If it really is the case that Germany is currently undergoing a development that America has already gone through, then, for all its disadvantages, it would also have one advantage: Germany could learn from America’s mistakes.

The Democrats lost the election to Donald Trump by a surprisingly wide margin. Everything they tried to push back right-wing populism didn’t work.

They called Donald Trump an enemy of democracy, a racist and agitator. That’s not wrong, but it made little impression on his supporters.

They avoided the favourite topics of right-wing populists—migration and crime—and instead tried to score with their own issues: abortion rights, climate change, the situation of the LGBTQ community. Without success.

And they did everything they could to counter the dark picture painted by US right-wing populists with facts. “The country isn’t doing so badly, and we can prove it”—that was the story the Democrats told over and over. But that didn’t work either. Not even with my neighbours in New York.

They had always voted Democratic, and had lived in the city for decades, but now they were considering moving away because they felt increasingly unsafe. This was despite the fact that Democratic politicians emphasised every day that the murder rate in New York had not risen in recent years. Those politicians were right; the murder rate had not increased, the facts were correct. But it was also true that, for example, shoplifting had gone up, as had minor offences, the dirt in the subway and the mess in public parks.
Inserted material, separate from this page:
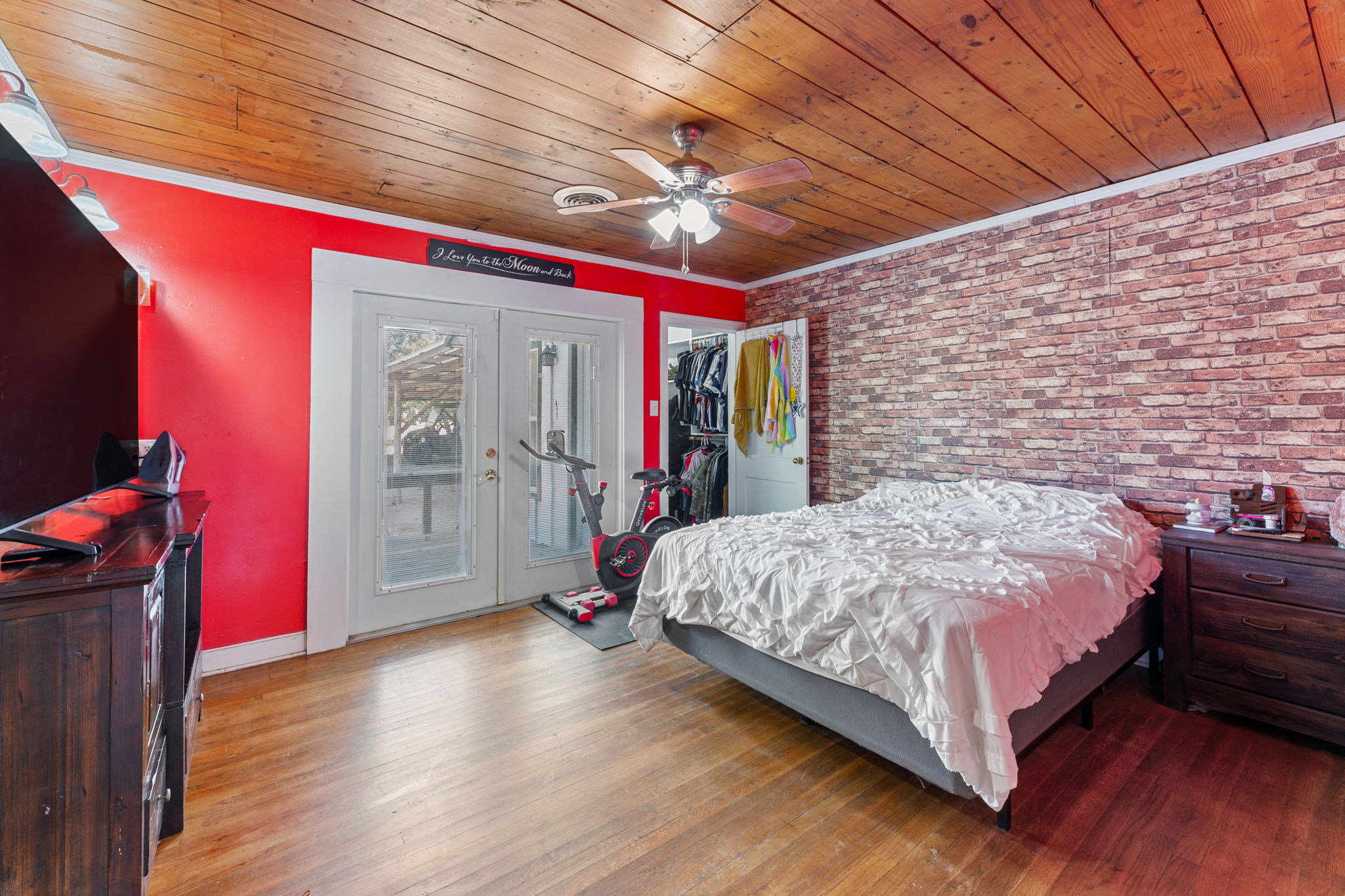 274 Old Potato Road Paige, TX 78659 - Photo 11 of 39 Bedroom with french doors, wood finished floors, brick wall, crown molding, and access to exterior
Compared to murders, these are small things. Yet all these small things gave my neighbours the feeling that this was no longer their city—the city where the state maintains order. Where there was trust, mistrust spread. In the presidential election last autumn, the Democrats in traditionally left-wing New York got a million fewer votes than four years earlier.

Insecurity, mistrust, fear—these are the feelings described by Sara, the daughter of restaurateur Can in Hanover. After several break-ins, they have now installed a surveillance camera at the restaurant.

American President Joe Biden had the numbers on his side. He managed to curb inflation, boost the economy, and expand renewable energy. You could say the numbers proved he governed well. But people didn’t really feel the good numbers. They still couldn’t find affordable homes, eggs were still more expensive than five years ago, and in supermarkets, goods were now locked up like cigarettes to prevent theft. All of this made people feel increasingly uncomfortable. 

You can brush aside feelings, try to refute them with numbers. The Democrats did that. And they lost the election.

I think this is perhaps the most important lesson from recent American history: the democratic centre must urgently find an answer to the question of how to win elections in a world where small feelings sometimes weigh more than big facts.

PS: Incidentally, the AfD in Thuringia has initiated proceedings to expel Klaus Stöber from the party. He was deemed not loyal enough. He is now running in the election as an independent candidate. Should he be re-elected to the Bundestag, Stöber intends to continue voting in line with the AfD parliamentary group.